# Spark
# Data analysis with python and pyspark
# Installation
On mac, just do brew install apache-spark
. Link
# Getting started
To run the pyspark CLI, just do in the termial
pyspark
Create a new spark session:
from pyspark.sql import SparkSession
spark = SparkSession.builder.appName("foo").getOrCreate()
Set verbose level
spark.sparkcontext.setLogLevel("FATAL")
# PySpark Read and Process Data
There are two ways to read data into spark, RDD (Resilient distributed dataset) and Data Frame.
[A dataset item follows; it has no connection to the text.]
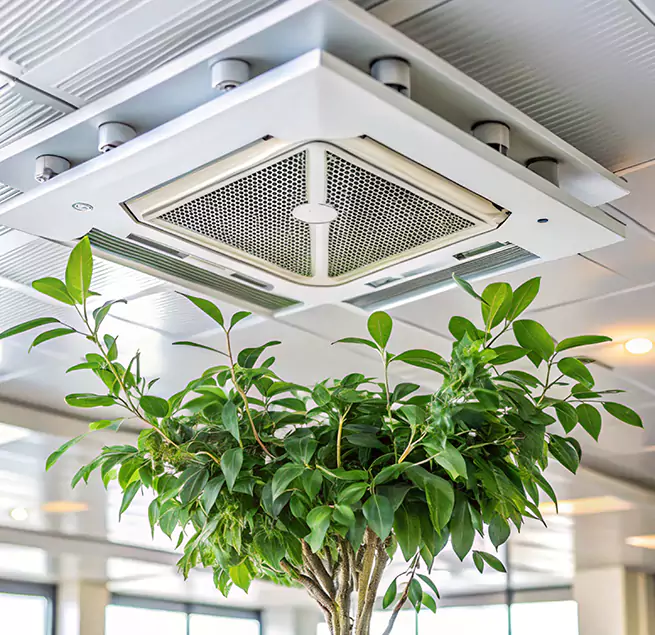 Why Homeowners & Businesses Trust Us in Gainesville, GA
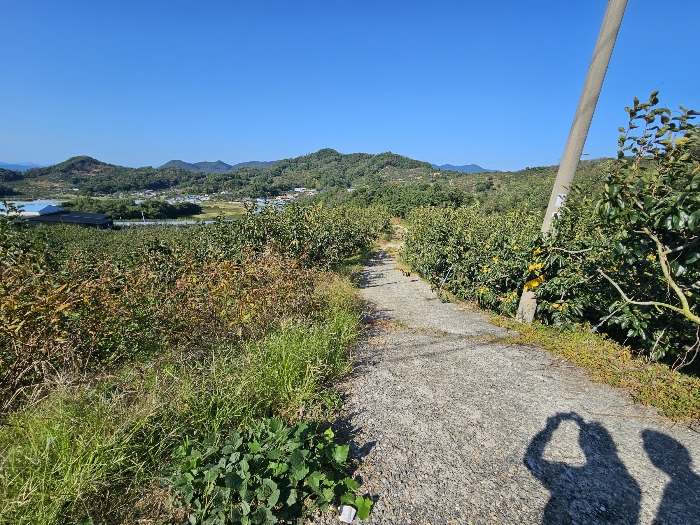 경상남도 함안군 칠북면 봉촌리 산384-2 임야 경매 사진 28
book = spark.read.text("foo.txt")
book
# DataFrame[value: string]
The book contains the datafram for a table which just has one column.
value: string |
---|
The |
null |
This book ... |
Each row in the txt file is a row in the table.
To show the schema
book.printSchema()
To show the first few (<=20) rows
book.show()
Changing sentence to a list of words
from pyspark.sql.functions import split
lines = book.select(split(book.value, " ").alias("line")) # line will be the new column name.
lines.show()
Select a specific column
book.select(book.value)
book.select(book["value"])
book.select(col("value"))
book.select("value")
Rename a column
lines = book.select(book.value).alias("line")
# Or
lines = book.select(split(book.value, " "))
lines = lines.withColumnRenamed("split(value, ,-1)", "line")
Explode column of arrays into rows of elements
from pyspark.sql.functions import explode, col
words = lines.select(explode(col("line")).alias("word"))
words.show()
Convert all to lower case and remove punctuations
words_lower = words.select(lower(col("word")).alias("word_lower"))
words_clean = words_lower.select(regexp_extract(col("word_lower"), "[a-z]+", 0).alias("word"))
words_nonull = words_clean.filter(col("words") != "") # this can also be done with where(), filter() == where()
Groupby and count
results = words_nonull.groupby(col("word")).count()
results.orderBy("count", ascending=False)
# coalesce(1) merges into only one partition.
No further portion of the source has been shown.